In the figure above I present a flow chart of how time travel occurs in this trilogy. If you found it confusing to analyze this plot from a temporal point of view, don’t worry, this is reason for long discussions even in the series The Big Bang Theory, when Sheldon and his friends seek to explain some temporal differences in this trilogy (episode 5 of season 8 , “The Attenuation of the Focus”).
In this flowchart, the pink line from 1955 to 2015B represents Biff Tannen’s time travel. Here he returns to 2015B, which is still the universe adjusted to the 1985B events. Only when Dr. Brown, Marty McFly and Jennifer Parker travel to 1985, do they enter the universe adjusted to the changes made on the 8th trip, taking them to 1985C.
Thus, there are many questions about the influence of Biff Tannen in 1955, who spawned 1985C, should also spawn an immediate 2015C for when he returns. But with the divergence meter concept we have:
1. Dr. Brown built his time machine in 1985, as early as 2015B he would also be able to accomplish this feat;
2. Regardless of the destination that the original time machine came to, it would not prevent Dr. Brown from traveling in time;
3. The function of the universe when Biff Tannen traveled was based on results between 1955 and 2015B (60 years old);
4. When Dr.
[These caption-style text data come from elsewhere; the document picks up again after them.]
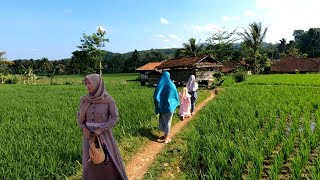 Suasana Pagi Di desa Terindah | Surga Alam Pedesaan, Desa Kalibunder Sukabumi Selatan
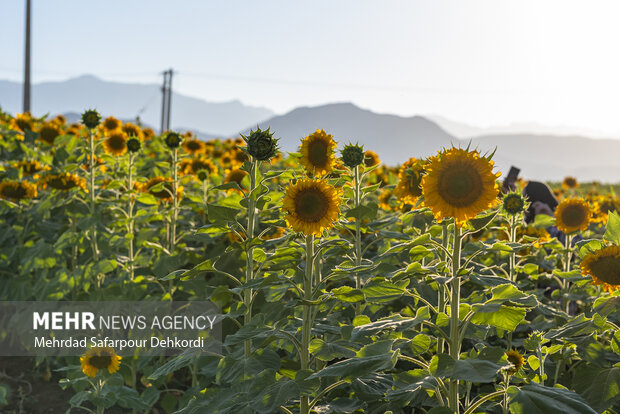 مزرعه آفتابگردان دیمه 18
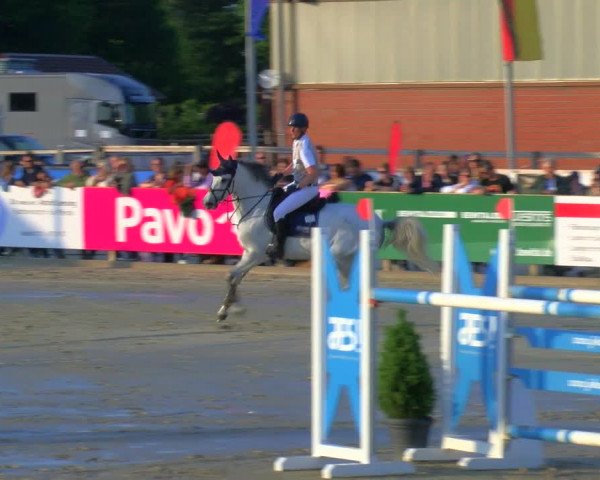 Reitturnier Borken Reitanlage Sportpferde Ehning 2023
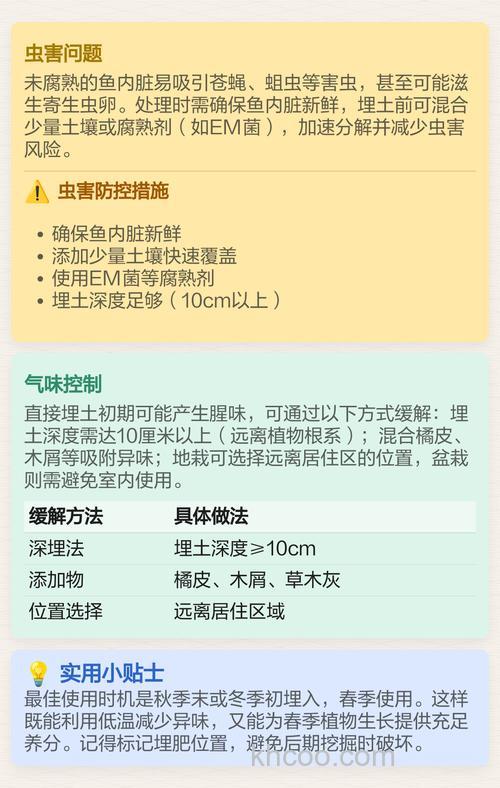 鱼内脏怎么做肥料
Brown returned, the function of the universe was recalculated over an interval of 30 years (1955-1985), and in this interval, the influence of Biff Tannen was enough for a change in the model of the universe, leading them to 1985C.
In the figure below I present the atypical event generated by the influence of Biff Tannen in 1955 for two different time intervals (60 and 30 years) and their respective measures of divergence.
Biff Tannen’s influence appears in 1955, but the average module errors in this case is 0,676686.
For half the range, the divergence is now 1,131543.
Another interesting case that can be explained by the concept of divergence within this same trilogy would be the fact that Jennifer Parker stayed in 1985C and after the events of 1855 that led to a 1985D, the same Jennifer Parker from 1985C was there. In this case, this character existed in 1985C and without a device like a time machine, it was transported to 1985D during the change of the functions that shape the universe (events that generated divergences greater than 1). One explanation would be for her to be a time traveler, and for this reason a fixed result in the model of the universe, demanding that the model accept that value without changing.
It would be like an accurate, correct, but atypical measurement in an experiment that works very well within a model in which this result does not fit. We know that the model explains practically the whole phenomenon with the exception of this result, which would be explained by another function. However, it is not interesting to modify the model to fit this result, and to misfit all others. The solution in this case is to accept the atypical result and continue with the function.
The red dots are the temporal divergences in this universe, and Jennifer Parker is a divergence from an unknown universe (due to the time factor). Although a result is atypical, the model describes all other events well, justifying its use even if there is a divergence clearly distant from the curve.
The existence of Jennifer Parker appears as an atypical result in 1985, but the average of the errors in module in this case is 0,505174.